◆ TASK ITEM: The data below contains pictures, which are to be skipped; the lines starting at the line with "Used 2019 Dodge" and ending at the line with "Thumbnail 3 in" are to be output exactly, both ends included.

◆ SOURCE DATA:
-- -- --
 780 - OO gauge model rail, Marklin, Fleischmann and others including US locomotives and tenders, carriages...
-- -- --
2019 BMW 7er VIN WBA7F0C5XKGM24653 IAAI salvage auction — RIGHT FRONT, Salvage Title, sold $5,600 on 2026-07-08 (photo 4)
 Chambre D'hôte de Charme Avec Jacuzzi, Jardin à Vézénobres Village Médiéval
-- -- --
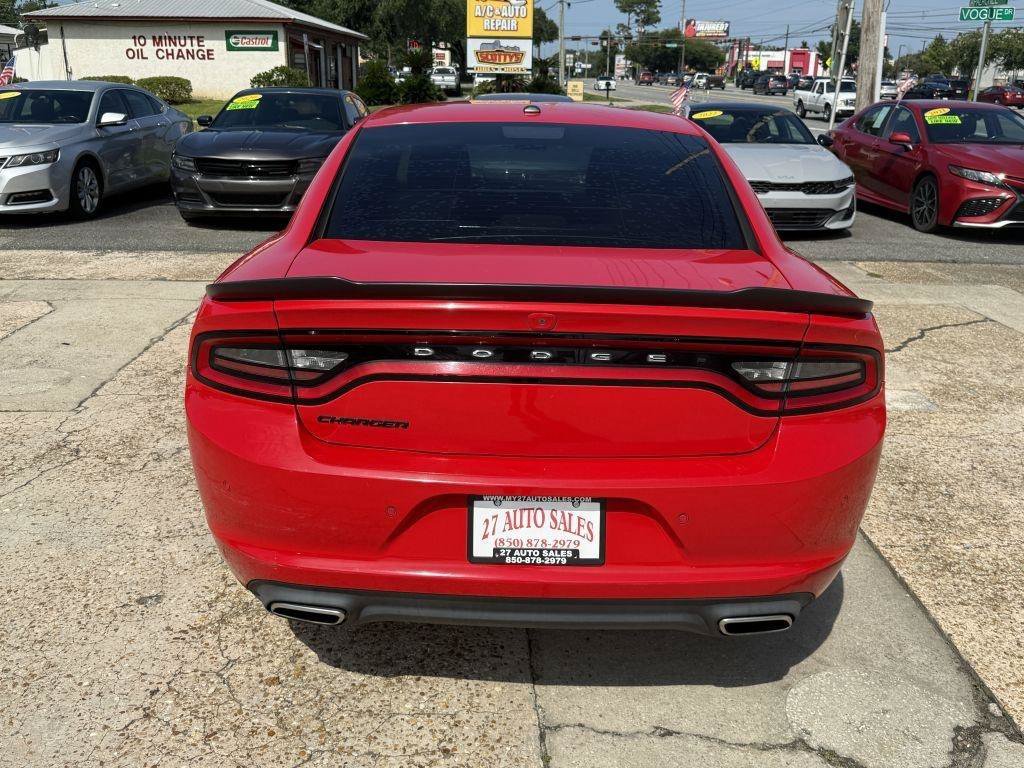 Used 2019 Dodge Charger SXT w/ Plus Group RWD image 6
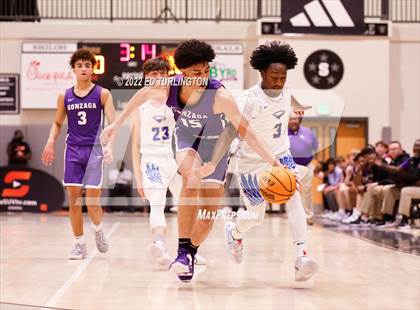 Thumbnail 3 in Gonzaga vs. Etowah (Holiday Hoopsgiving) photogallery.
-- -- --
◆ YOUR RESPONSE:
 Used 2019 Dodge Charger SXT w/ Plus Group RWD image 6
 Thumbnail 3 in Gonzaga vs. Etowah (Holiday Hoopsgiving) photogallery.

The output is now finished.